US President Joe Biden and Russian President Vladimir Putin held two hours of virtual talks on Ukraine and other disputes on Tuesday amid Western fears that Moscow is poised to invade its southern neighbor.
Russian TV footage showed Biden and Putin greeting each other in a friendly manner at the start of what was expected to be a tense exchange. Biden told Putin he hoped their next meeting would be in person.
The White House issued a statement saying the talks had started, but did not display any visuals from the secure 'Situation Room' where Biden was located.
The two leaders talked for two hours and one minute, according to the White House.
The Kremlin has said it hopes the two leaders can hold an in-person summit to discuss what it has described as the lamentable state of US-Russia relations, which have sunk to their lowest since the end of the Cold War.
US officials said before the video conference that Biden would tell Putin that Russia and its banks could be hit with the toughest economic sanctions yet if it attacks Ukraine.
They said the sanctions, which one source said could target Russia's biggest banks and Moscow's ability to convert roubles into dollars and other currencies, were designed to dissuade Putin from using tens of thousands of troops massed near the Ukrainian border to attack its southern neighbor.
The Kremlin, which said before Tuesday's meeting it did not expect any breakthroughs, has denied harboring any intention to attack Ukraine and has said its troop posture is defensive.
But Moscow has voiced rising vexation over Western military aid to Ukraine, a fellow former Soviet republic that has tilted towards the West since a popular revolt toppled a pro-Russian president in 2014, and what it calls creeping NATO expansion.
Moscow has likewise questioned Ukrainian intentions and said it wants guarantees that Kyiv will not use force to try to retake territory lost in 2014 to Russia-backed separatists, a scenario Ukraine has ruled out.
"We're looking for good, predictable relations with the United States. Russia has never intended to attack anyone, but we have our concerns and we have our red lines," said Kremlin spokesperson Dmitry Peskov.

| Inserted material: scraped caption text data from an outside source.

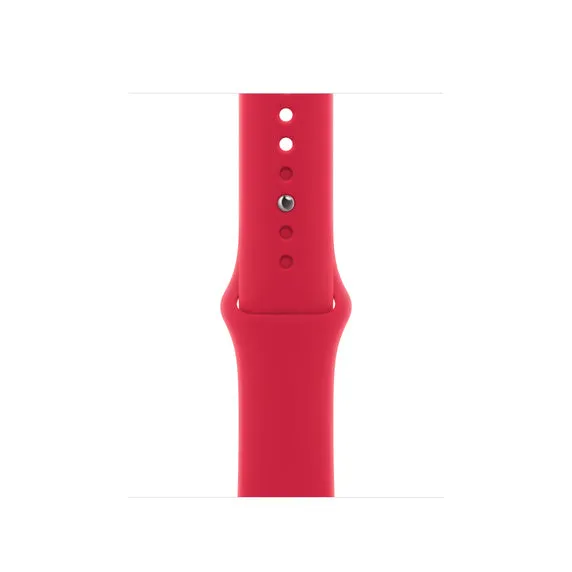 Apple 41mm Sport Band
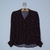Camisa Shoulder - comprar online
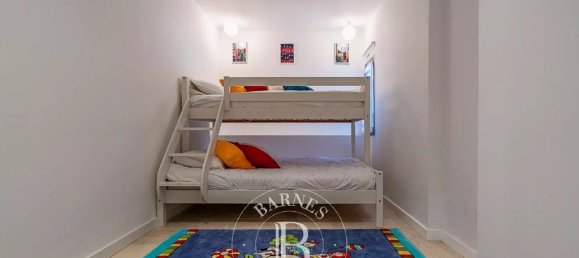 Villa T6 em Lumio, France N.º 68241 19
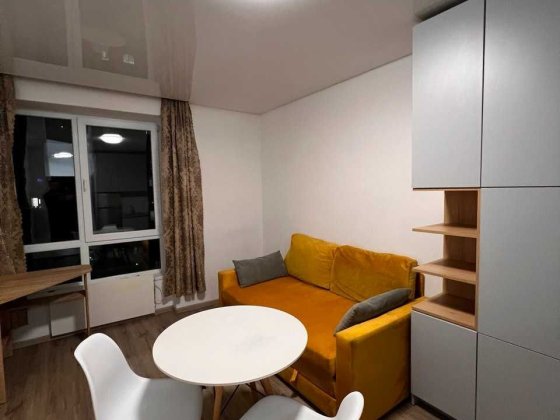 Квартира від власника. Без % Софиевская Борщаговка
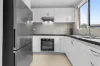4/3 Amaranthus Place, Macquarie Fields, NSW 2564-Image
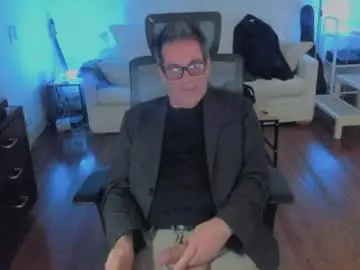 Chaturbate Free Porn Cam of andy0pandi
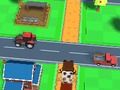 Jogo Animal Rescue 3D online
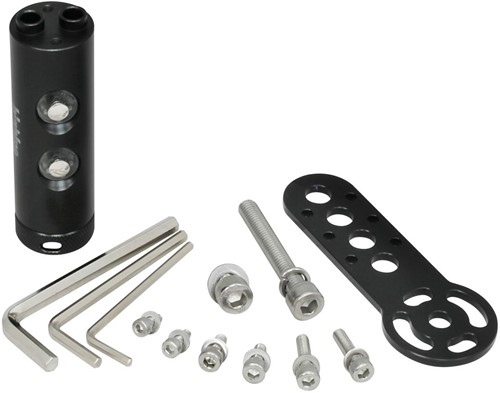 Bigblue Remote Controller Kit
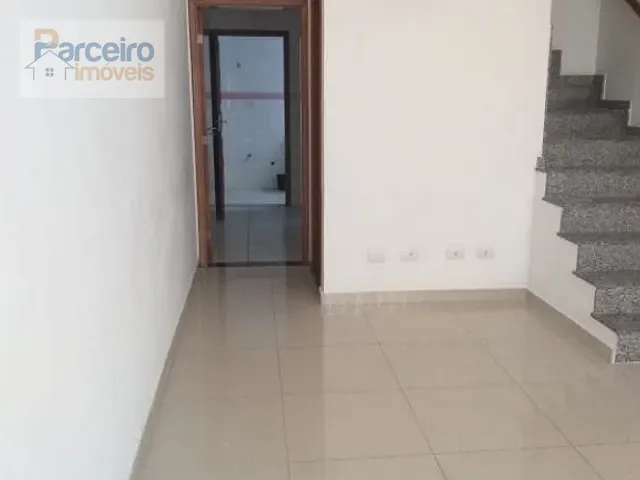 Studio com 500m² 4 quartos e 3 banheiros, à venda, no bairro Vila Matilde em São Paulo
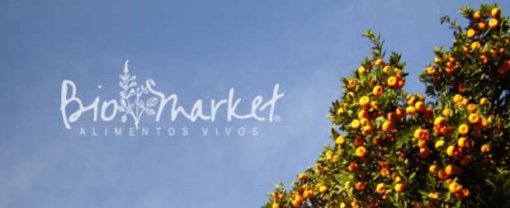 biomarket proteja se do resfriado 510x208 - Proteja-se do resfriado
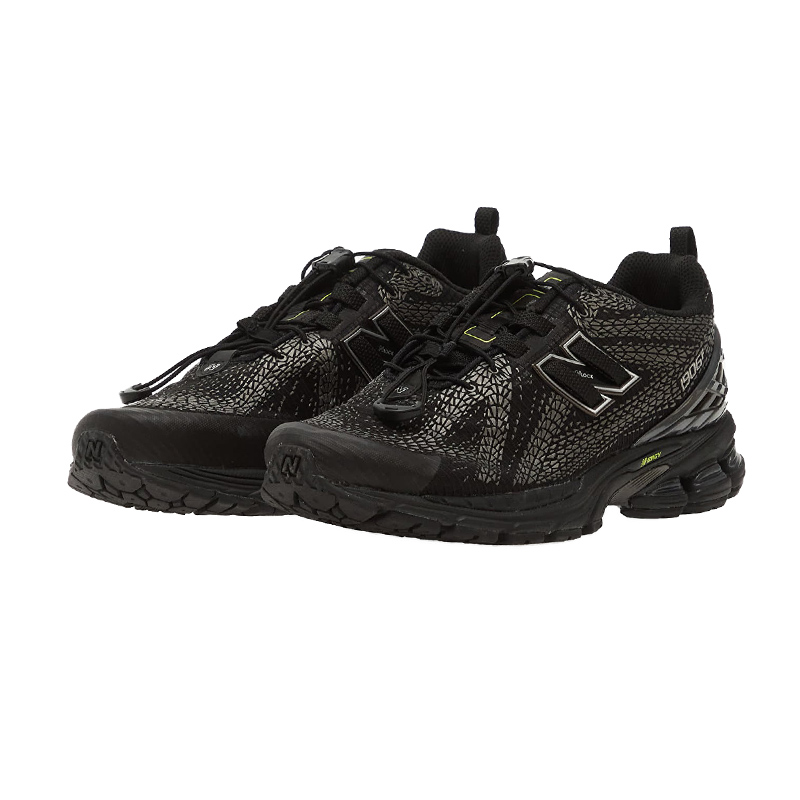 Order 뉴발란스 1906 스니커즈 U19068PN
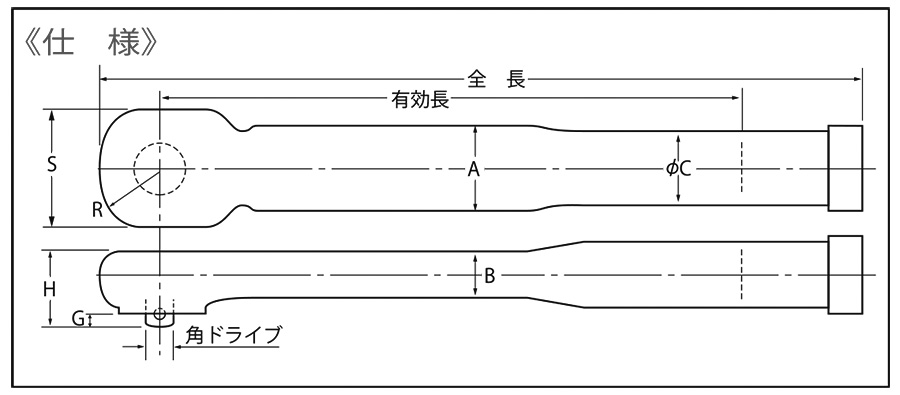 产品尺寸2.jpg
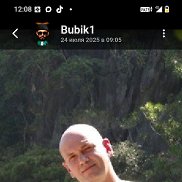 ����, 44 ����, ������� ��������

Leaders from Britain, the United States, France, Germany and Italy will hold a call at 1800 GMT following the Biden-Putin talks, the White House and British Prime Minister Boris Johnson's office said.
The same allies spoke on Monday and "agreed to stay in close touch on a coordinated and comprehensive approach in response to Russia’s military build-up on Ukraine’s borders," the White House said.
'A COOL HEAD'
Calling for everyone to keep "a cool head," Peskov said it was vital that Putin and Biden speak given what he called the extraordinary escalation of tensions in Europe.
The Russian rouble weakened slightly on Tuesday, with some market analysts predicting the talks would de-escalate tensions and others saying that the US sanctions threat eroded hopes of finding common ground.
Biden's team has identified a set of economic penalties to impose should Russia launch an invasion, a senior Biden administration official said.
A separate source familiar with the situation said targeting Putin's inner circle has been discussed but no decision made. Sanctions against Russia's biggest banks and curbing the conversion of roubles into dollars and other currencies were also being considered, another source said.
German Gref, the chief executive of Russia's top bank Sberbank, on Tuesday called that idea "nonsense" and "impossible to execute."
CNN reported sanctions could include the extreme step of disconnecting Russia from the SWIFT international payment system used by banks around the world.
Bloomberg reported that the United States and European allies were weighing measures targeting the Russian Direct Investment Fund. The United States could also restrict the ability of investors to buy Russian debt on the secondary market, Bloomberg said, citing people familiar with the matter.
Latvia's foreign minister said in an interview in London on Tuesday that Moscow needed to know before it acted what "the economic price tag" would be, something he said should extend to Russia's $11 billion Nord Stream 2 gas pipeline to Germany.
The White House declined to comment.
MORE EU SANCTIONS?
The European Union's chief executive, Ursula von der Leyen, offered Ukraine the EU's full support on Tuesday and said that the bloc would consider more sanctions on Russia.
Ukraine and NATO powers accuse Russia of building up troops near the border, sparking fears of a possible attack. Moscow denies any such plan and accuses Kyiv of massing its own forces in its east, where Russian-backed separatists control a large part of Ukrainian territory.
The United States has urged both countries to return to a set of largely unimplemented agreements signed in 2014 and 2015 which were designed to end the war in eastern Ukraine.
"He (Biden) will make clear that there will be very real costs should Russia choose to proceed, but he will also make clear that there is an effective way forward with respect to diplomacy," the senior Biden administration told reporters.
Putin has said he wants legally binding guarantees NATO will not expand further eastwards and a pledge that certain types of weapons will not be deployed in countries close to Russia, including Ukraine.